I had my first holiday last Autumn when I did not think about my work.
Our new Blackberry cover designs are going to be featured in the Wall Street movie sequal.
Cruelest position for a trainee
Everybody has to start somewhere
Most memorable returned goods
After the Art Basel Miami Beach 2007, our products were returned in a crate, which was way too big for our door, nor was there any chance getting the crate onto the second floor. It was so heavy, that nobody could steal it anyway, so we just left it outside.
ABN-AMRO bank put our faces accidentally on their website. After a couple of weeks somebody told me about this and we got in touch with ABN-AMRO bank. They responded with lighting speed and the images were removed immediately from their website.

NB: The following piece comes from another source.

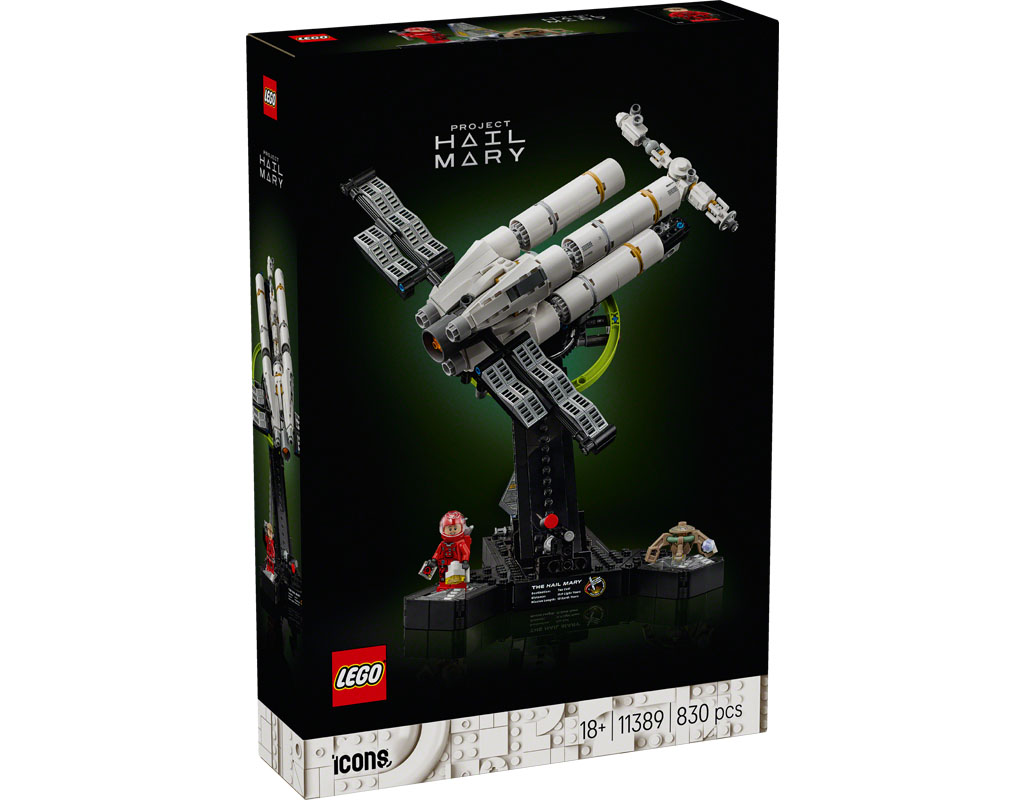 LEGO Icons Project Hail Mary (11389) Officially Announced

Going through the customs in America is not fun. Before the Art Basel Miami Beach 2007, because of the suspicious nature of the designs, all the content was confiscated by homeland security.
First series production
All under control
Most memorable rip-off
Signoria, an Italian textiles company, downloaded an image of the 1597 design and made a series of bed sheets with a 3D rendering I had made. They didn’t even bother changing the image in anyway, but just downloaded the original image from our FTP server. We could have sent our lawyer dogs at them, but since they apparently liked our graphical work, we decided to turn it around and create a line of bedsheets for them instead.
Most memorable student project
Brian has a bright future ahead of him…
Most memorable award
I forget the awards we won, but more think about the ones we lost. I still think we should have gotten the Index Award.

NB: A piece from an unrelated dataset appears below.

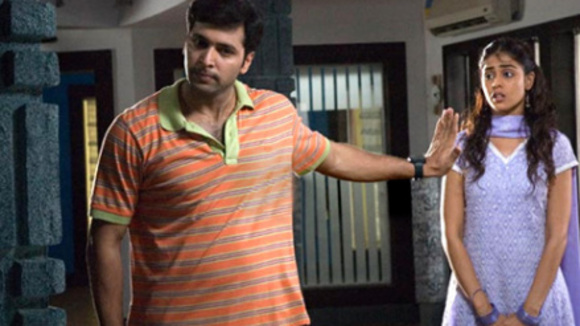 Photo from the movie Santhosh Subramaniyam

For our first FOC show in Milan we combined the transport and hotel into one. We went in a camper and parked in front of the exhibition hall. Since the lodge was for free, we saved the money for the parties.
Best interior design
During our first show in Milan 2003 we had no budget to build our stand. We decided to go to Ikea in Milan, bought all the building material and after the show we returned everything back to Ikea with 30 day money back guarantee:-)
Victor Portes, a long time good friend of mine, was trying to go through the customs at Schiphol in Amsterdam with Punchbag. He was arrested by the police, because of carrying a “consealed weapon”. Eventhough the design is also part of the permanent design collection of the MOMA, New York, that made no difference. By Dutch law brass-nuckles are concidered weapons. Since our design is clearly not brass, but plastic, the magistrate in Amsterdam released Mr. Portes from all charges. Victor missed his plane.
Most memorable shoulder
When things were tough…
Most improvised action when building a stand
We had to cut our logo out of styro-foam. We took out the drill battery, connected that to a thin metal wire to heat it up and cut styro-foam clean. It didn’t come out perfect, so we decided to hang the logo very high, so nobody would see the mess we made.
Time will tell I guess, but I feel it will be about being 10 years ago 20 years too early.
Most exciting moment
Everyday is like Christmas. We develop many things at the same time and since the production is all outsourced, everyday there is a courier bringing us some new goodies…based on the 3D files we send out from our computers. It all still feels like magic.
I still cant figure out how they managed to bend a custom build aluminum case in this way. Everything inside shattered into millions of pieces of course.
…more stories when we get around to it…this could just be endless. It must have been interesting though if you read this far…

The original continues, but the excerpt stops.